Do While .Busy And .readyState <> 4: DoEvents: Loop
Application.Wait Now + TimeValue("0:00:06")
Sheets("Dummy").Range("A1").Value = .document.body.outerHTML
.Quit
End With
End Sub
My approach was to first copy the entire HTML source code to a spreadsheet and then continue with the InStr function.
This just gives me an excerpt from the full source code, which does not contain the data I'm looking for.
Is there a better approach, maybe to get the data I'm looking for directly from the website without the step in between?
Edit: Tried to implement Nathan_Sav's input. Ended up with the following
Public Sub IE_Automation()
Dim IE As InternetExplorer
Dim HTMLdoc As HTMLDocument
Dim d As MSHTML.HTMLDocument
Dim y As MSHTML.IHTMLElementCollection
Dim x As MSHTML.IHTMLSpanElement
Set IE = New InternetExplorer
With IE
.Visible = False
.Navigate "https://www.wer-zu-wem.de/firma/steinel-normalien.html"
While .Busy Or .readyState <> READYSTATE_COMPLETE: DoEvents: Wend
Set d = .document
Set y = d.getElementsByTagName("Span")
For Each x In y
If (x = ) Then
Else
End If
Next x
End With
End Sub
I realize I am looping through the objects received from the website. What exactly do I compare the objects to though to get the data I need?
Upvotes: 0
Views: 653
Reputation: 8531
Look at using the HTML Object Library
then you can use something like the below:
Dim d As MSHTML.HTMLDocument
Dim y As MSHTML.IHTMLElementCollection
Dim x As MSHTML.IHTMLSpanElement
Set y = d.getElementsByTagName("Span")
For Each x In y
Next x
Something like this:
With IE
.Visible = True
.navigate "https://www.wer-zu-wem.de/firma/steinel-normalien.html"

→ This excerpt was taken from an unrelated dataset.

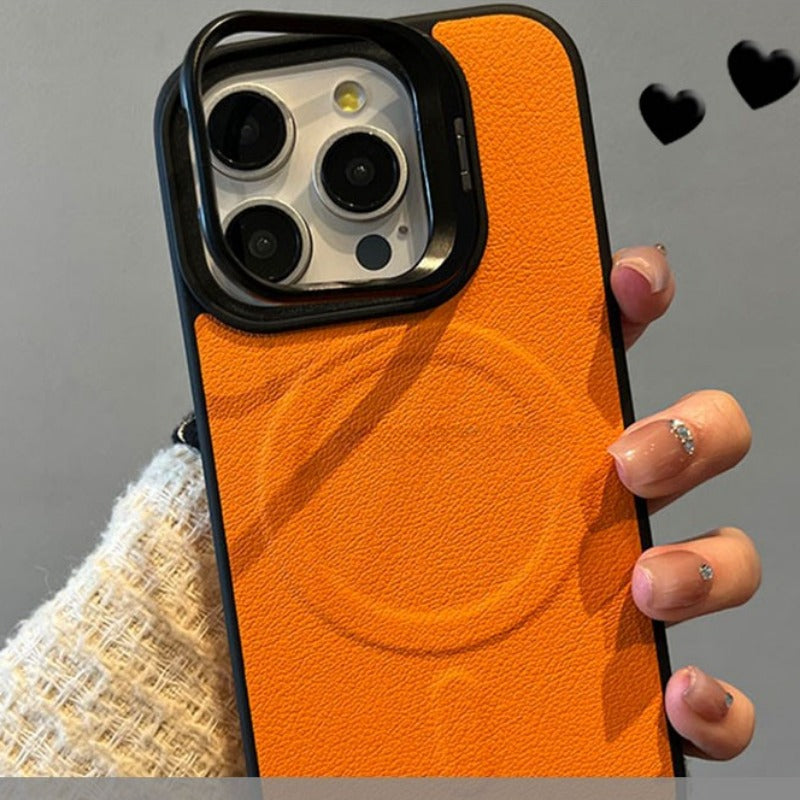 Magnetic Leather Lens Holder Phone Case For iPhone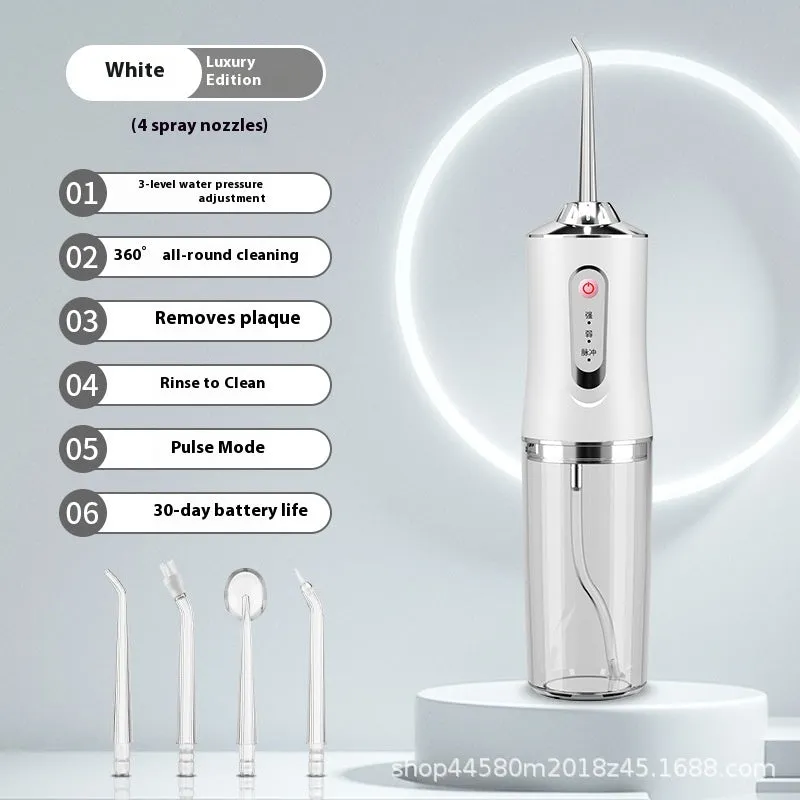 Pink electric water flosser with 300ml tank, multiple nozzles, and IPX7 waterproof design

While .Busy Or .readyState <> READYSTATE_COMPLETE: DoEvents: Wend
Set d = .document
Set y = d.getElementsByClassName("highlight")
For Each x In y
If x.className = "highlight" Then
If x.innerHTML = "Umsatzklasse:" Then
Debug.Print x.ID, x.innerHTML, x.innerText, x.NextSibling.NodeValue
End If
End If
Next x
End With
Upvotes: 1